• [Data excerpts]
/---
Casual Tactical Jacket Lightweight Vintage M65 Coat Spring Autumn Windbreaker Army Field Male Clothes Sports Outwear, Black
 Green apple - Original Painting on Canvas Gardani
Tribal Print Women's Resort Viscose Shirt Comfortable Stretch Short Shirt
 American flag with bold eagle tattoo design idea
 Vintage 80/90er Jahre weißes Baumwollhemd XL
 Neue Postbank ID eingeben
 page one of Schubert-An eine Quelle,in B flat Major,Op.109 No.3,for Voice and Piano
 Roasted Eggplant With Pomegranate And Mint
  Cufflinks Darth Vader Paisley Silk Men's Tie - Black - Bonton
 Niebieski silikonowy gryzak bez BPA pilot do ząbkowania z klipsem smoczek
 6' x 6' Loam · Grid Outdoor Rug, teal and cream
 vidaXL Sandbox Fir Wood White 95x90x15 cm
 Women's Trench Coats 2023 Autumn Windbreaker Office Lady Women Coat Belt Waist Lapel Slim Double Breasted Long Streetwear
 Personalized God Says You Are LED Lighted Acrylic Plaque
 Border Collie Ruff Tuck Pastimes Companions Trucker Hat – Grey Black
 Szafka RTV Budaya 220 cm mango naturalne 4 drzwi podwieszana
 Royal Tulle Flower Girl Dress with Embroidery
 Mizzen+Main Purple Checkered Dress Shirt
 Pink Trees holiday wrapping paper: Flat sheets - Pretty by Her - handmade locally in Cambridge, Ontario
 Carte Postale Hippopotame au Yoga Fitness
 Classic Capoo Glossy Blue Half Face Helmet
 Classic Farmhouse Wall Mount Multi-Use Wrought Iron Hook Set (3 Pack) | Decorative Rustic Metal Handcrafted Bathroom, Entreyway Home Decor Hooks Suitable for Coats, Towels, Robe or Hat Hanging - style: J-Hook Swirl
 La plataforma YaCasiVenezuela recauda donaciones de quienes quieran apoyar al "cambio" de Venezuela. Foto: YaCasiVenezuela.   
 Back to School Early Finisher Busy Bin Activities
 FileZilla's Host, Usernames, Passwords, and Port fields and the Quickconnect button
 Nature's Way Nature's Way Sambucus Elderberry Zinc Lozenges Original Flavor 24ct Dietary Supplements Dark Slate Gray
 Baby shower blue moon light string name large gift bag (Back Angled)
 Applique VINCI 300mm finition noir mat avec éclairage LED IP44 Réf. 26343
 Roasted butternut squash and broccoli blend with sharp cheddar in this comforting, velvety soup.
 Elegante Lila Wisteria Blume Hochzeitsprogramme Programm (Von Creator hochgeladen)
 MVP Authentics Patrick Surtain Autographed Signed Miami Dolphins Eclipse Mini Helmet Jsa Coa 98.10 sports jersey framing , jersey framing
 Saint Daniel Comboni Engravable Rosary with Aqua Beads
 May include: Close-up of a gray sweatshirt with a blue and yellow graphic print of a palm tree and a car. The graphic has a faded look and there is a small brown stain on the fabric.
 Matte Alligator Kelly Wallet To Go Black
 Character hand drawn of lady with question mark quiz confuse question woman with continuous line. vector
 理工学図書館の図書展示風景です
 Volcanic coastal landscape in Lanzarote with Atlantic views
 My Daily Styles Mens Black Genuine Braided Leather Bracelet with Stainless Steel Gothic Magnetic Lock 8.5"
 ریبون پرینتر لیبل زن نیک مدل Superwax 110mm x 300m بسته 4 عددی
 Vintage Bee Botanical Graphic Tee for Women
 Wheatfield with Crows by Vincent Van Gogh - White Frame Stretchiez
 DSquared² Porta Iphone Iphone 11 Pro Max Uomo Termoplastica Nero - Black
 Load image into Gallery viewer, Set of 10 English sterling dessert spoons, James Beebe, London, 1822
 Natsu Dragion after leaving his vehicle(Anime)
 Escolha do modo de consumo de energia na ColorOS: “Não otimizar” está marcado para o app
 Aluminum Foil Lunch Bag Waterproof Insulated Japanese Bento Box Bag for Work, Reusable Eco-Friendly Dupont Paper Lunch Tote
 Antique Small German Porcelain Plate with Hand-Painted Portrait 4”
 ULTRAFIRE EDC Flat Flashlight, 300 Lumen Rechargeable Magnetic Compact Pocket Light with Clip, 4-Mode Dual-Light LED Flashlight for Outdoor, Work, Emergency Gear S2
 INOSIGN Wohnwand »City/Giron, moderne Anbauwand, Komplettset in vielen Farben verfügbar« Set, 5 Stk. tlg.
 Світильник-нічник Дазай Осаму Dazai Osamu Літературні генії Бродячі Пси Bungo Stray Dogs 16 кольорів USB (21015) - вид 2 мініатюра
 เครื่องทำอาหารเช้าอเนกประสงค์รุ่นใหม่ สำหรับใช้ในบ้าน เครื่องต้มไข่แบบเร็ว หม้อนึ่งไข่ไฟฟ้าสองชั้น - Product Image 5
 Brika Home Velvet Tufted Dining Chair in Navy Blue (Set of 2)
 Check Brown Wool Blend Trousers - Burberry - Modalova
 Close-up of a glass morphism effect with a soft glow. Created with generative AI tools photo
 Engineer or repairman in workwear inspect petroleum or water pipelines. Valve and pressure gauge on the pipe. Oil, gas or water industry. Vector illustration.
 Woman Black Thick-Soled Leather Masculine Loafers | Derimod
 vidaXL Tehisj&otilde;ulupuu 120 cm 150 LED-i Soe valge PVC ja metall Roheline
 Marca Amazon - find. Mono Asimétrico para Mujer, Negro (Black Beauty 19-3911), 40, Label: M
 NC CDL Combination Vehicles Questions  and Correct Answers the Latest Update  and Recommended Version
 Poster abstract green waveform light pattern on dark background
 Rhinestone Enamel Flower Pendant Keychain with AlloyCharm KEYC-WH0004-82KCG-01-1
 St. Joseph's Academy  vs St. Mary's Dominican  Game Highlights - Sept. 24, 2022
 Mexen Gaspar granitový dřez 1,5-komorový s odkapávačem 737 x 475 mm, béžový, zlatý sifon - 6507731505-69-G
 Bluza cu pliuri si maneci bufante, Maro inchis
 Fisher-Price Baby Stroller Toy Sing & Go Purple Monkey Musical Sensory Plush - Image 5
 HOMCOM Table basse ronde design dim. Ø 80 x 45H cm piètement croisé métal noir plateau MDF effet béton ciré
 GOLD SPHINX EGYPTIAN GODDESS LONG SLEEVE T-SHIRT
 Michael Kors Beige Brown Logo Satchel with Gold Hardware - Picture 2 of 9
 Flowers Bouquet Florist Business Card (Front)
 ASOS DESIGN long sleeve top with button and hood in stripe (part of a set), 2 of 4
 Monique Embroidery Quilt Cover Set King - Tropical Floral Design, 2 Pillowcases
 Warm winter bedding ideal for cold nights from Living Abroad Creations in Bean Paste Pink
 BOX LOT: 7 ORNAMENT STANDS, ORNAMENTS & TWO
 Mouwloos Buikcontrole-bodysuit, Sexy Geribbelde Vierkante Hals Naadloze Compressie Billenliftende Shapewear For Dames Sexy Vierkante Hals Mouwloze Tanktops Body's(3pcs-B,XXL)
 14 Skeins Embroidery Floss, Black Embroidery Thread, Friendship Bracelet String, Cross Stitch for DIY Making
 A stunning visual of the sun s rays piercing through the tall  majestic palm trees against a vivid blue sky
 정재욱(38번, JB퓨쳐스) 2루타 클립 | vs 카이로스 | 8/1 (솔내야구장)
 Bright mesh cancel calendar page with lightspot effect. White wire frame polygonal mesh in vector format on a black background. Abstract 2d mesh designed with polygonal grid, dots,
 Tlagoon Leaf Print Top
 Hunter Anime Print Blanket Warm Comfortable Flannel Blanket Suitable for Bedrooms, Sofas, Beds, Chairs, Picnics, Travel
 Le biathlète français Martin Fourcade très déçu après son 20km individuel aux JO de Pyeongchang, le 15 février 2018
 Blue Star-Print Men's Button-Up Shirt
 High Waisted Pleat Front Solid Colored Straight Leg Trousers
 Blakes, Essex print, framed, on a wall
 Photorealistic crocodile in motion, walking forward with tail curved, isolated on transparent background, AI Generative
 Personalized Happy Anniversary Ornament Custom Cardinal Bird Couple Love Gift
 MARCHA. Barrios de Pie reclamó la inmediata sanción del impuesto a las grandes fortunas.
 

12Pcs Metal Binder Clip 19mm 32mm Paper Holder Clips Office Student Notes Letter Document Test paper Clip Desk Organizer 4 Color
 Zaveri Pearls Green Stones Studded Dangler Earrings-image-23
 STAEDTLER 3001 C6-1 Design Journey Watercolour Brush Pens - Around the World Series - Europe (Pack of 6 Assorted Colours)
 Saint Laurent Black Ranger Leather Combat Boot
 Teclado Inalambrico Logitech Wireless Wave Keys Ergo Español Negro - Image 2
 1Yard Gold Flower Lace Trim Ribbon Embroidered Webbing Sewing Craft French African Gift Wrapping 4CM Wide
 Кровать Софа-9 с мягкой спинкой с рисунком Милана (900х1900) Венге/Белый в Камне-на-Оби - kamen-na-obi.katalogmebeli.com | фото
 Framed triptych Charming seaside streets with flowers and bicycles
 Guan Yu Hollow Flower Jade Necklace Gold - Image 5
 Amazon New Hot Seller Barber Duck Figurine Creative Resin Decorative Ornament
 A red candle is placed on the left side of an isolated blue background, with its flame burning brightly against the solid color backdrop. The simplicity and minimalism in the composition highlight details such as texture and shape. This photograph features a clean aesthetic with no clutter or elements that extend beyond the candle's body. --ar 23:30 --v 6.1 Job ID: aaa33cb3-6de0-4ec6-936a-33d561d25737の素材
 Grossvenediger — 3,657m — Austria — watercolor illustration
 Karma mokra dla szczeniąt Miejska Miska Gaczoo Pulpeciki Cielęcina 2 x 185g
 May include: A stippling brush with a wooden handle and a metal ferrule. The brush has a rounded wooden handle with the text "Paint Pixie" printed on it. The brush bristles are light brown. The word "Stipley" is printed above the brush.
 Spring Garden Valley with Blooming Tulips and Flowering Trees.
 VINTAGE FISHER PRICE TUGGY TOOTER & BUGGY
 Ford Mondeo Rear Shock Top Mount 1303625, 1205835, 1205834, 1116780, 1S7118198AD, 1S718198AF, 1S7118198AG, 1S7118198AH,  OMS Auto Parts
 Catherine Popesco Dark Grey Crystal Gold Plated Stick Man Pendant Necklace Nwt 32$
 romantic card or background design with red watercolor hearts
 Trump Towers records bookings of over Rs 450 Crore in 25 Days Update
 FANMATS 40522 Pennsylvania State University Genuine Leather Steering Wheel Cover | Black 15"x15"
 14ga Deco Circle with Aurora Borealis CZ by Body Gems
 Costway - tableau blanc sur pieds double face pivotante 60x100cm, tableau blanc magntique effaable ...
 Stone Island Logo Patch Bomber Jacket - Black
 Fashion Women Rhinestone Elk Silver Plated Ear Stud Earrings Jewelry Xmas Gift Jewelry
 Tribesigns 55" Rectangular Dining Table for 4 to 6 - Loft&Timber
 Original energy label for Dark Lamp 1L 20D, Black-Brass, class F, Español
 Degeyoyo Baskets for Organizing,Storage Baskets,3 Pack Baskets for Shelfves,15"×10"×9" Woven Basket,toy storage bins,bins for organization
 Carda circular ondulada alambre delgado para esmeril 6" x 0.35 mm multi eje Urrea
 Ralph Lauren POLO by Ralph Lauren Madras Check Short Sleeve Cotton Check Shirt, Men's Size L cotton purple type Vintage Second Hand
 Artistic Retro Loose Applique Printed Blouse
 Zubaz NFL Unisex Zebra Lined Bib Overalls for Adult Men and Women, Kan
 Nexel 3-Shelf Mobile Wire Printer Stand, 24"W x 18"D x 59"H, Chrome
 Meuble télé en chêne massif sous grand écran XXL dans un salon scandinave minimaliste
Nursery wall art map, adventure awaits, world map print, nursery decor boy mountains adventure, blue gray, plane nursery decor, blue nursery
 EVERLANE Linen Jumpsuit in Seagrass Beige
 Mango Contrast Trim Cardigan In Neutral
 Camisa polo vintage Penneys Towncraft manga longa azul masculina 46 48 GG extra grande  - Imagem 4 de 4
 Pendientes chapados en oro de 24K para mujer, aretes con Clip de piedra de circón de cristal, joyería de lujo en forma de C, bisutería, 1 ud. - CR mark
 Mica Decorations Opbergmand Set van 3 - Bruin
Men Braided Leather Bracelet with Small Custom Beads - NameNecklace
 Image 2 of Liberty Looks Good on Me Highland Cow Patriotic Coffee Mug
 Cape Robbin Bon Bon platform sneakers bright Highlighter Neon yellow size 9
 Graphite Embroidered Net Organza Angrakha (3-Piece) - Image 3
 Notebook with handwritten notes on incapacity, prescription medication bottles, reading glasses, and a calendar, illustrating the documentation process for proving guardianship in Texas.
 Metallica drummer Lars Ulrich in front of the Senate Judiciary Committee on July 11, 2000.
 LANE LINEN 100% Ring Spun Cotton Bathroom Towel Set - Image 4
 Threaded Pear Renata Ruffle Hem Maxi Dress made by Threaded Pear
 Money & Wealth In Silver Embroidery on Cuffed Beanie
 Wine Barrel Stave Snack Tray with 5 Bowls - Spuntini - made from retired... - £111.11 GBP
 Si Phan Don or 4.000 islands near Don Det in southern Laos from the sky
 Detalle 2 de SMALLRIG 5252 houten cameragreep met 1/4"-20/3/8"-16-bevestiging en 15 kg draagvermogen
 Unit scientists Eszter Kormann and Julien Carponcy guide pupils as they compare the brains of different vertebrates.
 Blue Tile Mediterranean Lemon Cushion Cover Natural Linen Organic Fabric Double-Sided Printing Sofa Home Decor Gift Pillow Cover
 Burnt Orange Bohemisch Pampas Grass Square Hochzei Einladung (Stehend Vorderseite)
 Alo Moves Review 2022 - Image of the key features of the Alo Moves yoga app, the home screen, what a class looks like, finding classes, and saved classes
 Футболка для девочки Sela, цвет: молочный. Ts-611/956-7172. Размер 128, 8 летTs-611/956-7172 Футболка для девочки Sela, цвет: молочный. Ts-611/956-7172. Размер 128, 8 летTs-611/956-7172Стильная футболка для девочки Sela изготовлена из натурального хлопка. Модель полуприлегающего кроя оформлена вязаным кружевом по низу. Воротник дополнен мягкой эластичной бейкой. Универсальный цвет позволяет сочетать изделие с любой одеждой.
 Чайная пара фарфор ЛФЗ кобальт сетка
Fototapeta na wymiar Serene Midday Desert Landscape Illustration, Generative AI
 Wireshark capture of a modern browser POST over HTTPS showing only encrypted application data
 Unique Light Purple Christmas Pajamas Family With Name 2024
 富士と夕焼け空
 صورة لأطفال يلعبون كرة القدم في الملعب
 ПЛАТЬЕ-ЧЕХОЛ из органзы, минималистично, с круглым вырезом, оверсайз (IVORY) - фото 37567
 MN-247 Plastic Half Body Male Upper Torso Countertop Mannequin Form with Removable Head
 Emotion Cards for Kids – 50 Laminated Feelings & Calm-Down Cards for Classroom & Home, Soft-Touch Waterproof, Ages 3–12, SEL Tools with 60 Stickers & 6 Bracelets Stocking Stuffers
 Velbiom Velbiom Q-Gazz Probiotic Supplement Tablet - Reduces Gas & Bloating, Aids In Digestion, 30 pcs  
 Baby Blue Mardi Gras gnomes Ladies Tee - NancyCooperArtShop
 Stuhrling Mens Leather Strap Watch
\---
• [Problem details]
Look through the records and copy every line that has the word "Decorative".

• [Worked solution]
 Classic Farmhouse Wall Mount Multi-Use Wrought Iron Hook Set (3 Pack) | Decorative Rustic Metal Handcrafted Bathroom, Entreyway Home Decor Hooks Suitable for Coats, Towels, Robe or Hat Hanging - style: J-Hook Swirl
 Amazon New Hot Seller Barber Duck Figurine Creative Resin Decorative Ornament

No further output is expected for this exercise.